Монтальто не дослушал счет голосов, обеспечивавших ему власть. «Он поднялся и, не дожидаясь результата голосования, швырнул на середину зала палку, на которую обычно опирался. Выпрямился во весь рост, так что оказался чуть ли не на фут выше, чем был раньше. Но удивительней всего, что он плюнул в потолок с такой силой, на которую не был бы способен даже юноша». Кардиналы были заметно смущены переменой. Послышались возгласы, что в подсчете голосов произошла ошибка и требуется новое голосование. На это Монтальто твердо возразил: «Все правильно!», затянув торжественно «тебе бога хвалим» высоким и сильным голосом, зазвеневшим по всей зале. Пятнадцать лет он таился и притворялся, ожидая этого момента. Маска сброшена! Появился новый папа Сикст V — решительный, нетерпимый, жестокий, властолюбивый.

Ему требовались деньги и беспрекословное послушание. Он повысил налоги и резко увеличил цену должностей, которые давно уже покупались. Ввел продажу новых должностей, прежде бесплатных: нотариусов, фискалов, генеральных комиссаров. В папской области расправлялся с богатыми дворянами, конфискуя их имущество.

Сикст V безжалостно наводил порядок в своих владениях. За малейшие провинности приговаривал к смерти. Истреблялись вольницы фуорушити — разбойников, которые хозяйничали почти во всей Италии. Грабили они в основном богатых (что с бедного возьмешь?) и вредили населению гораздо меньше, чем отряды регулярной папской гвардии или местных князей. О лихих и удачливых разбойниках народ складывал песни, легенды.

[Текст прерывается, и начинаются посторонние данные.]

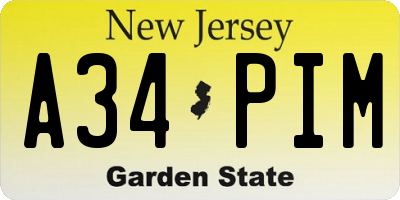 NJ license plate A34PIM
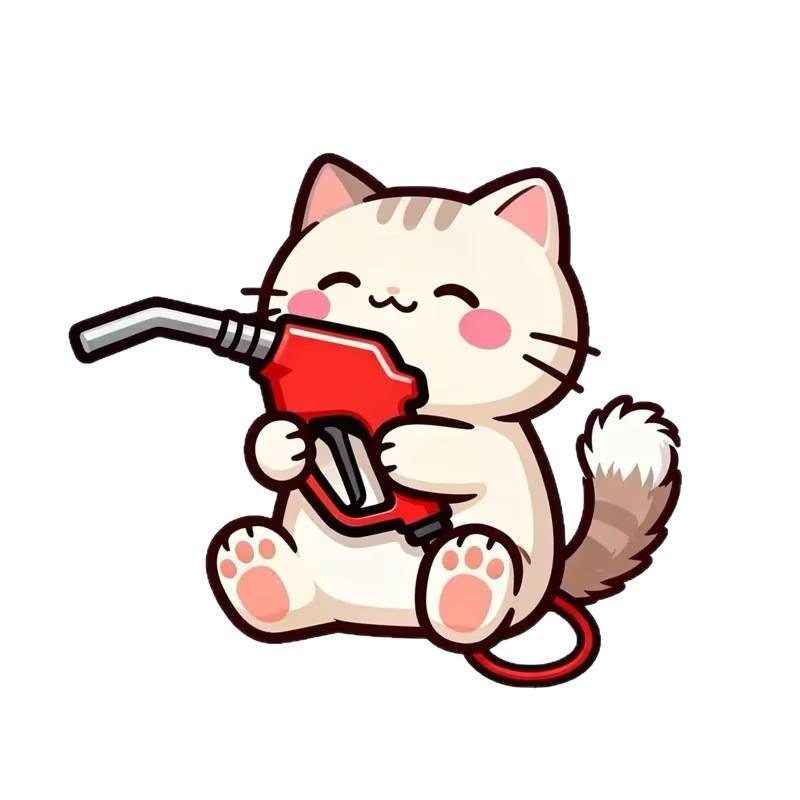 Cute Cartoon Cat Oil Cap Sticker for Decorating Car Oil Cap Box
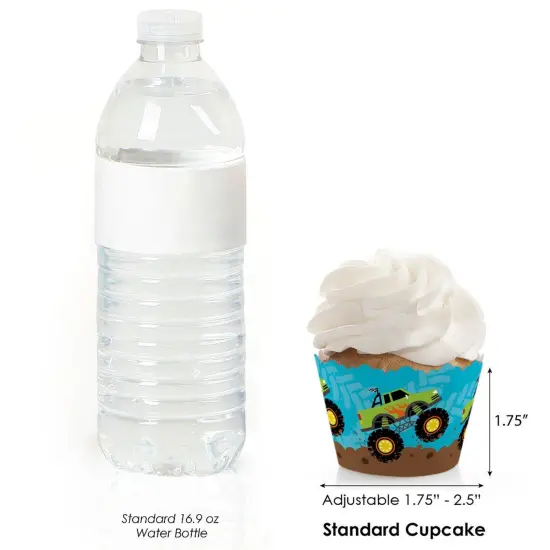 Big Dot of Happiness Smash and Crash - Monster Truck - Boy Birthday Party Decorations - Party Cupcake Wrappers - Set of 12 {4}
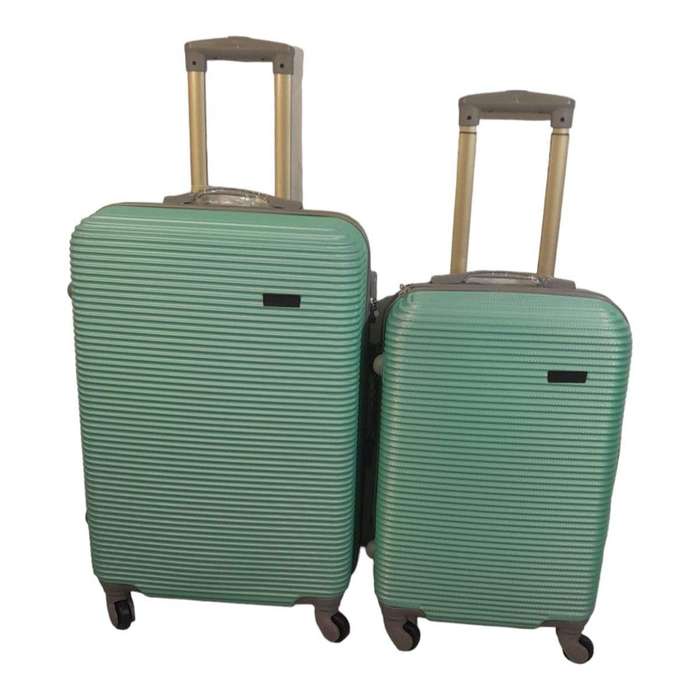 Smte Hard Outer Shell Luggage - 2 Piece - Green with keychain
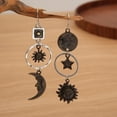 thumbnail image 4 of Nvzi Pendientes vintage con diseño asimétrico de bronce y luna (bronce), 4 of 5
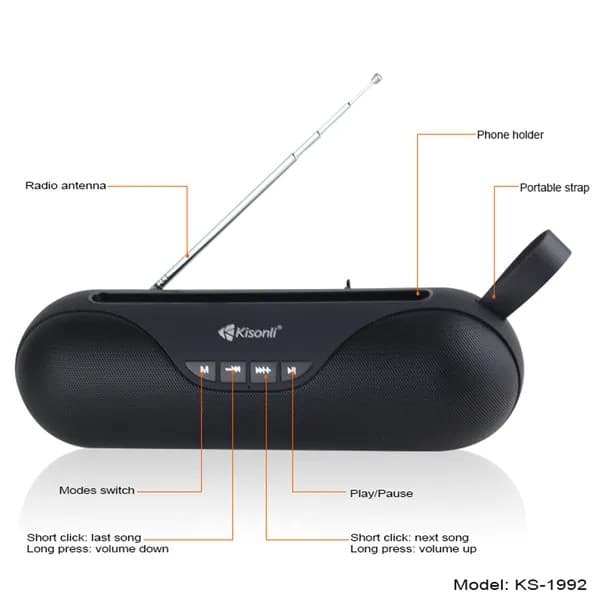 Kisonli KS 1992 Wireless Bluetooth Speaker USB, SD Card Fm Radio Aux view 2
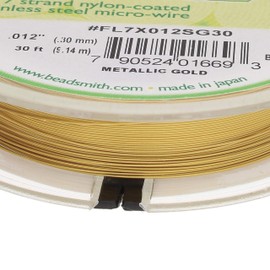 The Beadsmith Flex-Rite 7 Strand Nylon Coated, Stainless-Steel Beading Wire, Jewelry Making Supply (.012 Dia, Metallic Gold - 30 Ft)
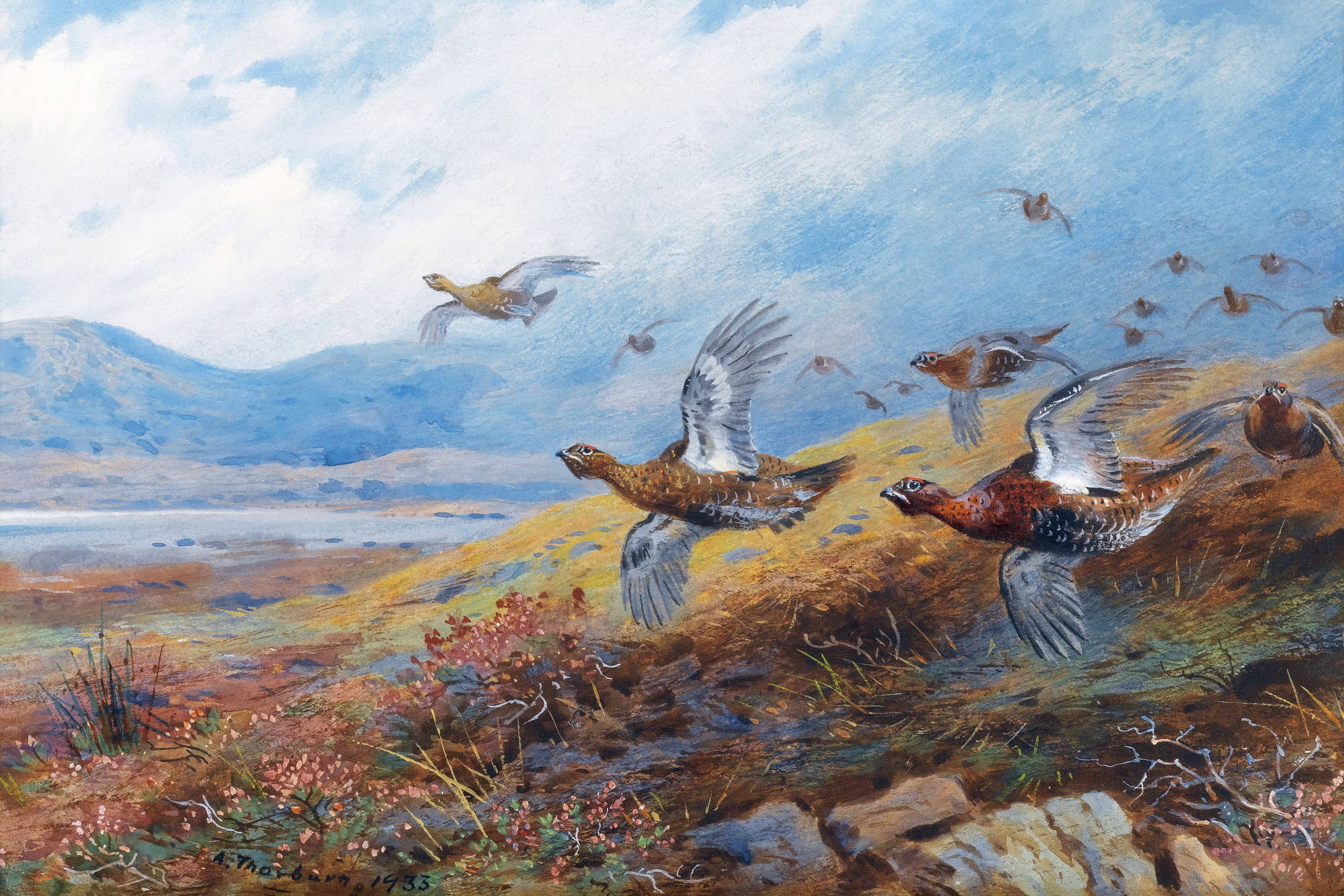 Archibald Thorburn птицы осень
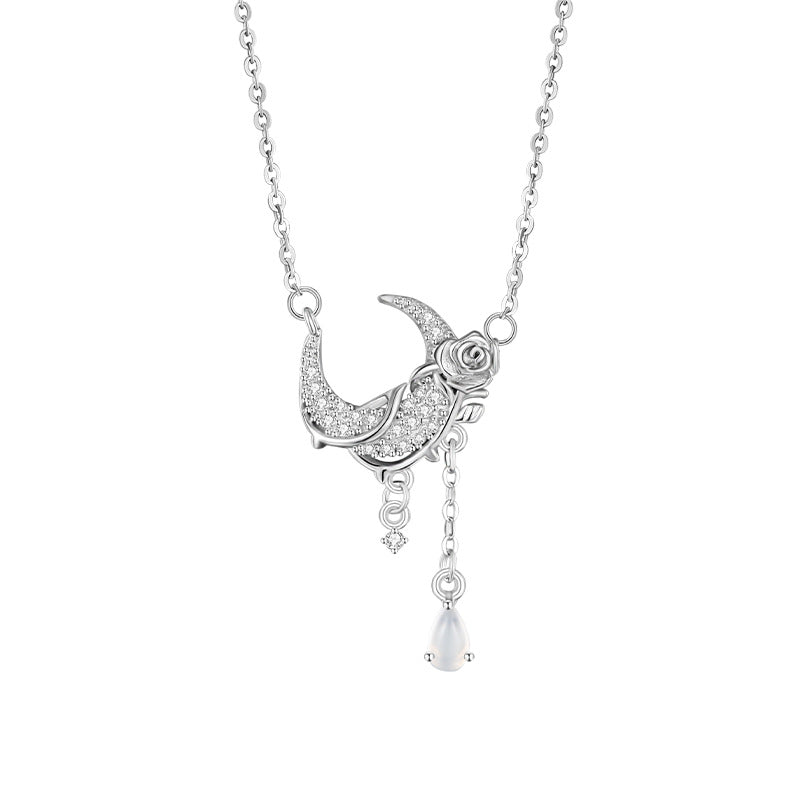 S925 Sterling Silver Moon Rose Necklace Female White Agate Tassel Clavicle Chain Niche Design High-Grade Light Luxury Silver Jewelry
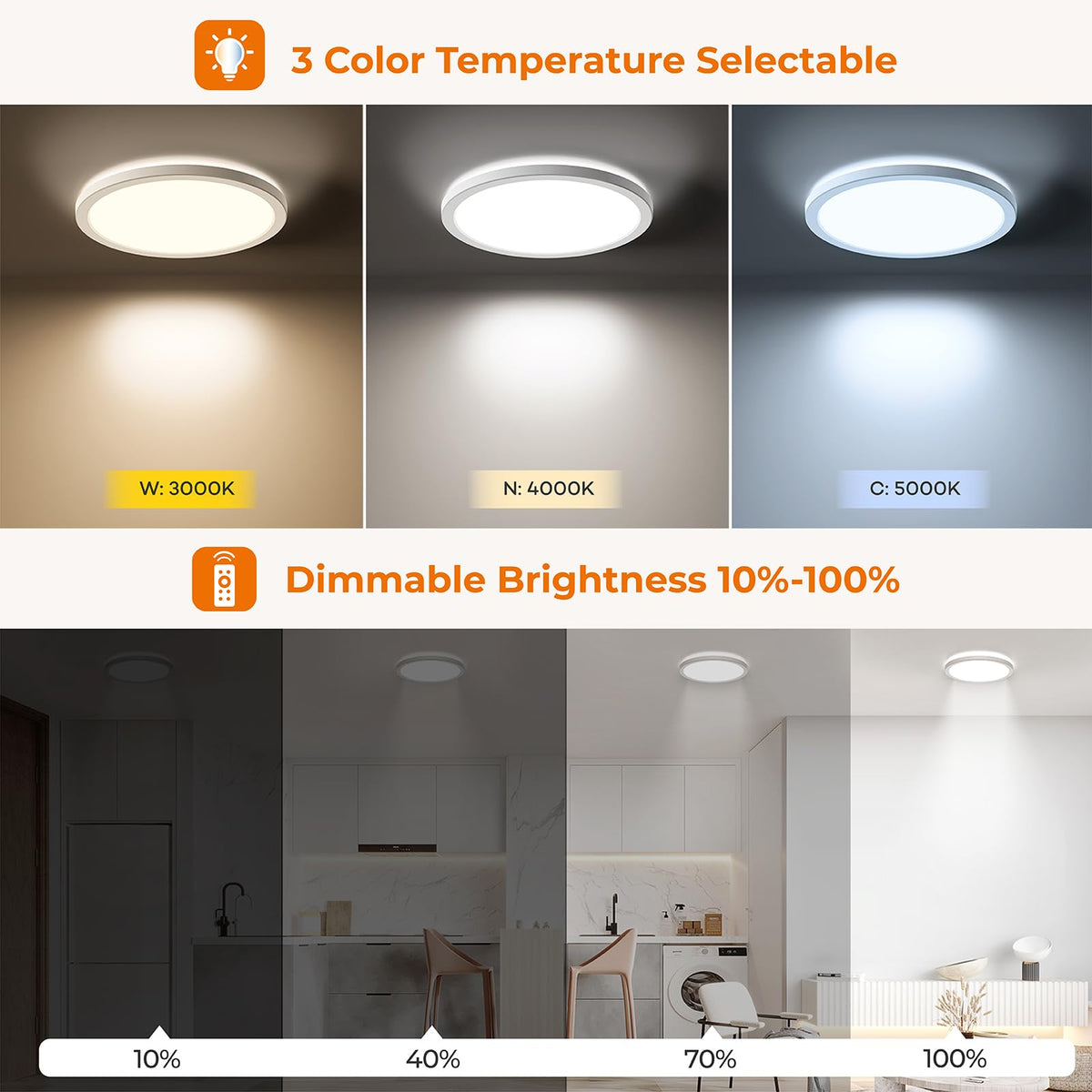 Matane three-color-temperature fixture for warm to cool ambiance 3000K-5000K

Против фуорушити стали действовать хитростью, коварством. За головы наиболее известных из них были назначены большие награды и обещалось полное прощение грехов и преступлений. (Дьявольская изворотливость: выплачивались награды за счет родственников или сельских общин убитых разбойников!) Этим были внесены в группу фуорушити разрушительные бациллы недоверия, подозрительности, предательства.